The second thought is one hinted at earlier whilst musing upon the fact that not all wolves are evil demons, any more than all pigs, or little girls for that matter, are angels in disguise. To categorise folk is an exercise prone to inaccuracies. Not only can good and bad be found in nations anywhere, regardless of sect, race, gender, colour, creed or nationality, but both saint and sinner hide within the single individual.

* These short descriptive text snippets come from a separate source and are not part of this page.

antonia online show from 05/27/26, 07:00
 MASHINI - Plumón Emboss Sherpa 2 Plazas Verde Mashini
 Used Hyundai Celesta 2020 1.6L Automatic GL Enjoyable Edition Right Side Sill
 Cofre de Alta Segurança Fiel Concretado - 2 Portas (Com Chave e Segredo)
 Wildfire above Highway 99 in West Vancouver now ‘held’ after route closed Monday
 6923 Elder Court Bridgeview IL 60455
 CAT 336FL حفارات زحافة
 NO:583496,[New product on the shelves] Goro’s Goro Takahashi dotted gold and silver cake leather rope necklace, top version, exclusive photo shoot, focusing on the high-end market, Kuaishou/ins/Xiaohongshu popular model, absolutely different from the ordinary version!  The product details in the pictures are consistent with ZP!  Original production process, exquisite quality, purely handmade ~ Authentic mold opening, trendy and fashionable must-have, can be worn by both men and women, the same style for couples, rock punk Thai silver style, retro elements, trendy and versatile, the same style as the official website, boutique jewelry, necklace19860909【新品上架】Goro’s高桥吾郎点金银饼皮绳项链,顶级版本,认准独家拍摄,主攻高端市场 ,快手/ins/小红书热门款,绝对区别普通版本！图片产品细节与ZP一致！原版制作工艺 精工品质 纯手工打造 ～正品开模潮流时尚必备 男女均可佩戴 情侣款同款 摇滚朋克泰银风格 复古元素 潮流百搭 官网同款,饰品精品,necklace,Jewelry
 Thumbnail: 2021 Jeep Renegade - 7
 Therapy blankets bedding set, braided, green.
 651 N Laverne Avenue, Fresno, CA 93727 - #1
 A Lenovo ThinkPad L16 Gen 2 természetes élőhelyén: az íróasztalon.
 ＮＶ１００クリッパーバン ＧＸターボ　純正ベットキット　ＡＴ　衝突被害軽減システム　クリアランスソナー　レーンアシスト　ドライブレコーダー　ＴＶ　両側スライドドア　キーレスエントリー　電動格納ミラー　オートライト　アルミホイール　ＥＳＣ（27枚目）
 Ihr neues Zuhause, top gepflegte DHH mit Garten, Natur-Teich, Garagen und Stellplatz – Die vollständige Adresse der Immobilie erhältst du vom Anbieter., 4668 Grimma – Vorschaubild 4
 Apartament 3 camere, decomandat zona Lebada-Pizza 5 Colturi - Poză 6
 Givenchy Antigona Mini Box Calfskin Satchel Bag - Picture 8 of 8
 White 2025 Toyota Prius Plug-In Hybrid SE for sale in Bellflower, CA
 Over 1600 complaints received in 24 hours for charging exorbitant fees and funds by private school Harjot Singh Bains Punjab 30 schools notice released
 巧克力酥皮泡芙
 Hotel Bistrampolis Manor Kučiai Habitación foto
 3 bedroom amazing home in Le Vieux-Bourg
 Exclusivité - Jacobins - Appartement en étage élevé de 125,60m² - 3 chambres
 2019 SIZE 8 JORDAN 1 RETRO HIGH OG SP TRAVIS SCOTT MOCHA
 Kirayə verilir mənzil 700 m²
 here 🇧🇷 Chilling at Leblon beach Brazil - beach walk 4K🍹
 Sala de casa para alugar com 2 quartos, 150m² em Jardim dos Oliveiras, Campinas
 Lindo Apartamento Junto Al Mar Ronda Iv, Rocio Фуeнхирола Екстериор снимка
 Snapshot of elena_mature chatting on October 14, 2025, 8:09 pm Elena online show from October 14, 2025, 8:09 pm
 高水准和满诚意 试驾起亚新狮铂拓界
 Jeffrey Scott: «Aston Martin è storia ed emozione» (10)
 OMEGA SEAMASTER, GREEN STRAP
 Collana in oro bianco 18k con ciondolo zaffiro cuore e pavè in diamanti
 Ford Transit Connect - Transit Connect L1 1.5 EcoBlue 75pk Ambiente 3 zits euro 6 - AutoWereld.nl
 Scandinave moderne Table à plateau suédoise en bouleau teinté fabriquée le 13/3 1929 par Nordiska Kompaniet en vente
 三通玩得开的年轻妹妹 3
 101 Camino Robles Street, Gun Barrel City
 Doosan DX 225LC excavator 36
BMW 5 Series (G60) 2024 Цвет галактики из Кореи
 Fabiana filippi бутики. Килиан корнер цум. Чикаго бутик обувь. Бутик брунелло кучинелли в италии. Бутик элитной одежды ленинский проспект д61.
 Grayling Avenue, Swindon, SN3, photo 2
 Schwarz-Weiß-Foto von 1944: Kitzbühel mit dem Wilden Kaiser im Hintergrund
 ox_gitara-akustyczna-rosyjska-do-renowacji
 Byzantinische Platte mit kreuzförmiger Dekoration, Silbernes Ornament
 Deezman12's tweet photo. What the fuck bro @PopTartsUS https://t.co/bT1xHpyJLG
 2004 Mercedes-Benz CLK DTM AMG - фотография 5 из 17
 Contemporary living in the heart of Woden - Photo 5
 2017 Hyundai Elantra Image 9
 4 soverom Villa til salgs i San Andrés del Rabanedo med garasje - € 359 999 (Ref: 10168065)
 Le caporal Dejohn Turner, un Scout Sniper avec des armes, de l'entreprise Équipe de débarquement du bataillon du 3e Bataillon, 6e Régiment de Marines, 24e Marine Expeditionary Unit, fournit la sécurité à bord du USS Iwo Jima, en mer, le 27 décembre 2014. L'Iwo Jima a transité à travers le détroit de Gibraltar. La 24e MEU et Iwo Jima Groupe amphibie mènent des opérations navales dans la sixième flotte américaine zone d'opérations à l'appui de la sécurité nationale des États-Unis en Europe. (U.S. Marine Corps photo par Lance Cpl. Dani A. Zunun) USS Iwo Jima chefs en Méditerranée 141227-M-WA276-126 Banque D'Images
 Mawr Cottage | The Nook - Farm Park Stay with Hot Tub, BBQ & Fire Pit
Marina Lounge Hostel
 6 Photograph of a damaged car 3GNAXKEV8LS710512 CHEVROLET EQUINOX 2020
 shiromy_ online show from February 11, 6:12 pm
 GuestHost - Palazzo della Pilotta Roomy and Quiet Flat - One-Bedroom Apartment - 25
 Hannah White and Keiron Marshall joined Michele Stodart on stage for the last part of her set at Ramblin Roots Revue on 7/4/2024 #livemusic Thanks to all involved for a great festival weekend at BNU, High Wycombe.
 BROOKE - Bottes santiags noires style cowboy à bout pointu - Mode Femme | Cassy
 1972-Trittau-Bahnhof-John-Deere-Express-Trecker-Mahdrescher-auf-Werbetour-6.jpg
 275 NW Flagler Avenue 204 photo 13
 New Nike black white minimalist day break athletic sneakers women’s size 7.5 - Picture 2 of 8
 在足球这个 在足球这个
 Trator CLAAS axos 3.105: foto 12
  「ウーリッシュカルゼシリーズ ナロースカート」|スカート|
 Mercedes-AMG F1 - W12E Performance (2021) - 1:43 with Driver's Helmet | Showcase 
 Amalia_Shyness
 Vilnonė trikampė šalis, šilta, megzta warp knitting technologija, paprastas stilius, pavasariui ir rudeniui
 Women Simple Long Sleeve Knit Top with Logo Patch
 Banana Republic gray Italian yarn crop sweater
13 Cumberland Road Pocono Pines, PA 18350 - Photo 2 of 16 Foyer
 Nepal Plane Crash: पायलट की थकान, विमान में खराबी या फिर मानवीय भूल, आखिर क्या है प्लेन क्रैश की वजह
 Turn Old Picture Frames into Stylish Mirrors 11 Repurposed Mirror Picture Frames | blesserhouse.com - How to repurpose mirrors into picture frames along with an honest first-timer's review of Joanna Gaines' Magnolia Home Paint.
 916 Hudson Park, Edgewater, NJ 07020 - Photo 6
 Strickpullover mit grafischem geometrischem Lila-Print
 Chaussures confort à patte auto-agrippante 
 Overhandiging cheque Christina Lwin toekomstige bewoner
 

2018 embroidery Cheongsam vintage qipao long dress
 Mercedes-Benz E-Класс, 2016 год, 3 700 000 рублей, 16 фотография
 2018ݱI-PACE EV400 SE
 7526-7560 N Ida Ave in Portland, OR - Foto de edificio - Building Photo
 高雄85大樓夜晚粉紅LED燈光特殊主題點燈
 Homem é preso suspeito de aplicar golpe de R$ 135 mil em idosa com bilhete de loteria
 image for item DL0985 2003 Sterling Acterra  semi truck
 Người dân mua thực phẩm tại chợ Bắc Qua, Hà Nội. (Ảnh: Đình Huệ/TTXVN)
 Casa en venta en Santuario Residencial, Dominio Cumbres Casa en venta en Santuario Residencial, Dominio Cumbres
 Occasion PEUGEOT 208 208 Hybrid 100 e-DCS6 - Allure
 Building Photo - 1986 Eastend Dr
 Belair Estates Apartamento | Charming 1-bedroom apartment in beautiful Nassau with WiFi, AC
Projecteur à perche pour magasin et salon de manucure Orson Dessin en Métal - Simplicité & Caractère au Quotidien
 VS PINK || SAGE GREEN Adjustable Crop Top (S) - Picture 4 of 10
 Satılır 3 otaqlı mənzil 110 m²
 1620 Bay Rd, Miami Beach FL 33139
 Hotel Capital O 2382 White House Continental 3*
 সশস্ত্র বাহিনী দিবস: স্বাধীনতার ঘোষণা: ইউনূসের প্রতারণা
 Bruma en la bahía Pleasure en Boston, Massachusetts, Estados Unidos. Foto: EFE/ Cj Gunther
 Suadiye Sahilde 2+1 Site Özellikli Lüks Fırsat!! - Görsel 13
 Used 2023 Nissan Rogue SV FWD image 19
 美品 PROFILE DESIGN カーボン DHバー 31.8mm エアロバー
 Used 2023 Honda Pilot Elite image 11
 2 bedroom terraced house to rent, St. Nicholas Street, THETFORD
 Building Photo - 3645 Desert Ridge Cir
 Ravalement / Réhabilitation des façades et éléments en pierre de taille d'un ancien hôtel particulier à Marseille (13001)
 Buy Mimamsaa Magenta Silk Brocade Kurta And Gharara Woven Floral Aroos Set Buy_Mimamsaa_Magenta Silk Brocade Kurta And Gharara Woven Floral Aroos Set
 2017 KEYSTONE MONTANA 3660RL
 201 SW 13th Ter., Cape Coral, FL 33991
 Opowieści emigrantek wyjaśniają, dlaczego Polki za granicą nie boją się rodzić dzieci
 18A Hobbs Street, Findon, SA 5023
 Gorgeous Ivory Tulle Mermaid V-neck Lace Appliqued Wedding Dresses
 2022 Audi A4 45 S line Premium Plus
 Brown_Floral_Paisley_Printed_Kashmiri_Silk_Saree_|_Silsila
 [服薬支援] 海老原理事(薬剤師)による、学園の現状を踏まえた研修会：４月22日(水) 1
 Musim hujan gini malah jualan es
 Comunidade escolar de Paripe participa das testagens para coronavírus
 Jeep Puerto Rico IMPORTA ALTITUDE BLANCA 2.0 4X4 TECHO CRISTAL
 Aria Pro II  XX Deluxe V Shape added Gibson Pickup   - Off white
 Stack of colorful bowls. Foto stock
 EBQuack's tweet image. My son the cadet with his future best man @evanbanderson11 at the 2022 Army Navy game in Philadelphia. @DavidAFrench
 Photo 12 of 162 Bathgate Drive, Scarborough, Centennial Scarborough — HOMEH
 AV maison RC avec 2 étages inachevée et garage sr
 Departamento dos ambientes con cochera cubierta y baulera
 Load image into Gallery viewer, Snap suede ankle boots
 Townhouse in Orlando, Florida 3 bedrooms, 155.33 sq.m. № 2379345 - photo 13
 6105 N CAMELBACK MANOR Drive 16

It has been remarked that within the newborn babe may dwell a nascent pot-bellied, cantankerous old man, or an over-weight, complaining old woman. Who foretold the future for the tiny babe that grew to be the convicted Moors murderess Myra Hindley, or of Florence Nightingale who brought comfort to the wounded. The sadistic prison guard in Belson and the humanitarian worker risking her life in the earthquake disaster zone both once lay in the cradle. What force chose the path the young child will follow? Which of us is without sin and therefore entitled to throw stones at another? Which of us can say with complete honesty that we would never, as two young pigs did, make a false choice of building materials? Which of us has never had the need to shelter from the storm within the walls erected by one more prudent than us?
The bedtime story we learnt as a child, to be passed on in turn to the next generation, presents the facts of life in simple language, illustrated on a canvas on which only black or white may be daubed. As we grow older the palette contains shades of grey also, as the colours mix. As the painting fills out, the underlying starkness is softened by greys, blues and reds, but the black and white foundation gives the picture structure.
The simple bedtime story introduces us to life in simple, rather stark, terms. It also illustrates that life is about choices. It emphasises that we need to exercise choice from a firm base, for there are those who will harm us if we are casual, seeking always the easy option. As we grow in years we discover that choosing the right option can be difficult. It can also involve making a judgement about which alternative is less wrong, when neither course is stainless and pure.
A re-occurring theme of mine is the complexity of deciding what is the right thing to do when the choices are not between yes or no, black or white, right or wrong, good or bad, but in the no-man’s land between two extremes. We can start from a firm platform of conviction, as did the wisest pig in the tale, and try not to stray too far away from there. There is an old revivalist hymn, not sung in our denomination, but many will know the rousing tune. The first verse poses this question.
Will your anchor hold in the storms of life,
When the clouds unfold their wings of strife?
When the strong tides lift and the cables strain,
Will your anchor drift, or firm remain?
Though the dwelling in the hymn tosses on the sea rather than be rooted on the land, the message is the universal one, presented in fairy tale, bedtime story, parable or novel; there will be huffing and puffing, blizzards and storms, around us on many days in our lives, so make ready beforehand. The big bad wolf is on the rampage.